The question is simply asking the angular velocity of earth $\left( \omega \right)$ when the weight of the body will be zero, i.e. the acceleration due to gravity is zero. So, apply the formula of variation of acceleration due to gravity of earth when the position of the body and angular velocity of the earth change.
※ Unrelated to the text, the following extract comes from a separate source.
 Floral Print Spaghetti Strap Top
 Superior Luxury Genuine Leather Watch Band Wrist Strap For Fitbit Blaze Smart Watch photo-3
Complete step by step solution:
We will approach the solution to the question exactly as explained in the hint section of the solution. The question is ultimately asking us to find out the angular velocity when the acceleration due to gravity at the equator is zero. To find this, we first need to know the formula of variance of the acceleration due to gravity as the position of the body and angular velocity of earth change.
The formula is given as:
$g' = g - R{\omega ^2}\cos \phi$
Where, $g'$ is the resultant acceleration due to gravity,
$g$ is the acceleration due to gravity at the surface of earth, numerically, it is taken as: $g = 9.8\,m{s^{ - 2}}$
$R$ is the radius of earth, which is taken as: $R = 6400\,km = 64 \times {10^5}\,m$
$\omega$ is the angular velocity of earth about its polar axis, which we need to find out,
$\phi$ is the angle that the body makes with the equator of the earth
In the question, the body is at equator itself, hence, we can see that:
$\phi = 0$
Which implies:
$\cos \phi = \cos {0^ \circ } = 1$
So, the equation becomes:
$g' = g - R{\omega ^2}$
It is also said that the weight of the body becomes zero, i.e. the resultant acceleration due to gravity becomes zero, or:
$g' = 0$
Putting this into the equation, we get:
$g - R{\omega ^2} = 0$
Upon transposing, we can easily write that:
$\omega = \sqrt {\dfrac{g}{R}}$
Substituting in the values of $g$ and $R$ , we get:
$\omega = \sqrt {\dfrac{{9.8}}{{64 \times {{10}^5}}}}$
Upon solving, we get:
$\omega = 1.25 \times {10^{ - 3}}\,rad\,{s^{ - 1}}$

Hence, option (A) is the correct answer of the question.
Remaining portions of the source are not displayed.